Tadjikistan Hydrocarbures Gaz Pétrole Investissement impasse

Qui a conduit le secteur pétrolier et gazier du Tadjikistan dans une impasse ?

Alors que les réserves pétrolières et gazières du Tadjikistan sont prouvées depuis des décennies, l’extraction de pétrole dans la République a été divisée par 20 depuis la période soviétique, celle de gaz est tombée à zéro.

Novastan reprend et traduit ici un article initialement publié par le média tadjik Asia-Plus.

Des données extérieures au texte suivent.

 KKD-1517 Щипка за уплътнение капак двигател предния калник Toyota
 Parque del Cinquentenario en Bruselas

L’ancien directeur général de « Tadjikneft » (1981-1988) Nabi Malikov a évoqué en décembre 2018 avec « Asia-Plus » la question des réserves du pays en hydrocarbures, a évalué l’activité des investisseurs et expliqué pourquoi il faut leur retirer leurs licences.  «Il faut sanctionner les investisseurs pour blanchiment d’argent », a-t-il affirmé.

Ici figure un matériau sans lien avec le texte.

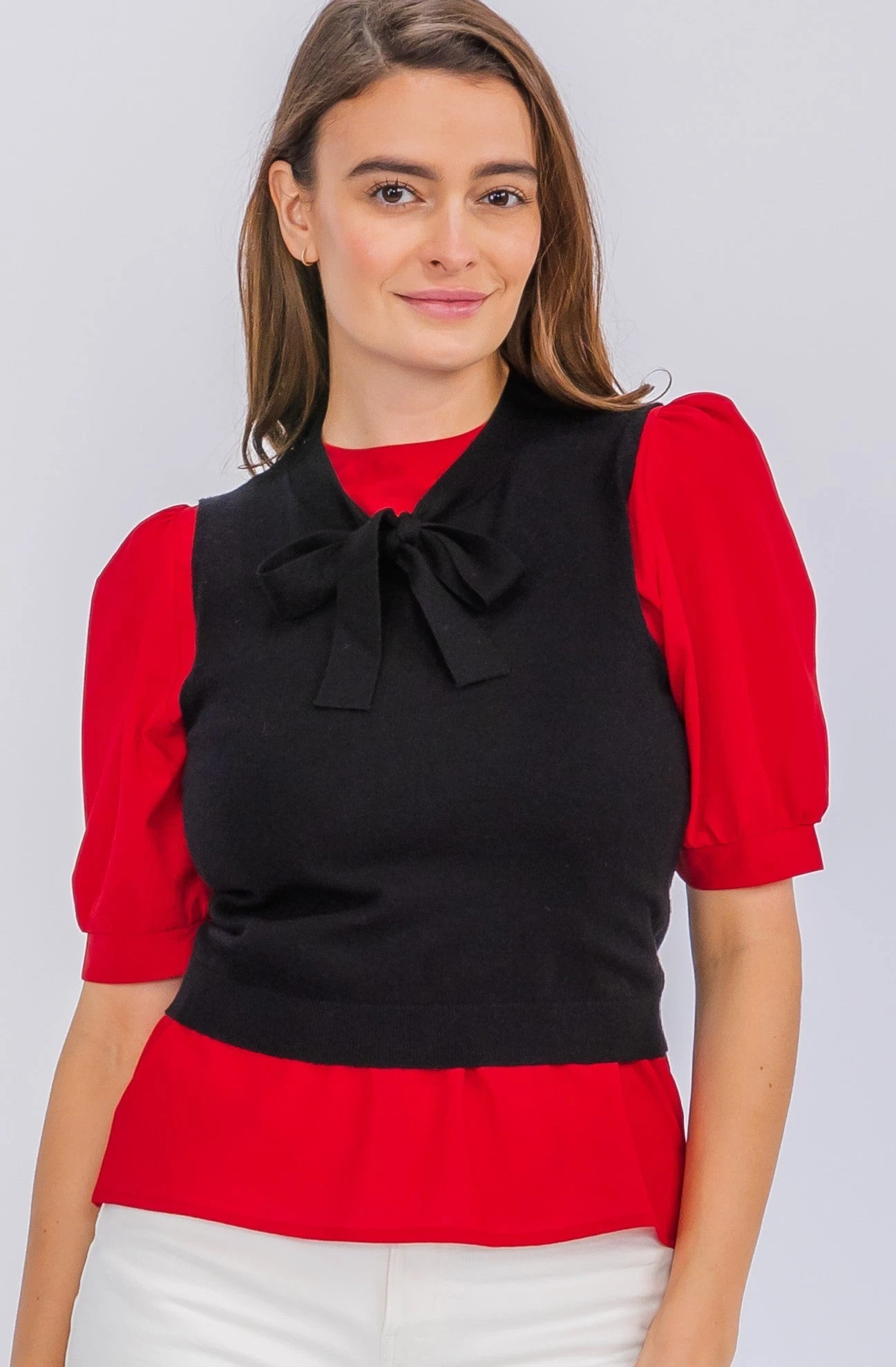 Black Knit Tie Neck Sweater Vest by Tulip B. Black Knit Tie Neck Sweater Vest By Tulip B. -MODERN MILLIE Shop 22317125 2af0b65b 7755 4f80 90a4 ebed76f85973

Asia-Plus : Dans quel état se trouve l’industrie pétrolière et gazière du pays ?

Nabi Malikov : Pendant la période soviétique, dans les années 1970-80, on découvrait chaque année de nouveaux gisements ou de nouvelles ressources en gaz et en pétrole. En tout, on a découvert 26 gisements de pétrole et de gaz confondus. Des prospections géologiques étaient menées et des forages réalisés simultanément en 15 à 20 endroits. Les forages représentaient plus de 100 000 mètres par an. L’extraction de pétrole jusqu’à 400 000 tonnes par an ; l’exploitation du gaz jusqu’à 500 millions de mètres cube.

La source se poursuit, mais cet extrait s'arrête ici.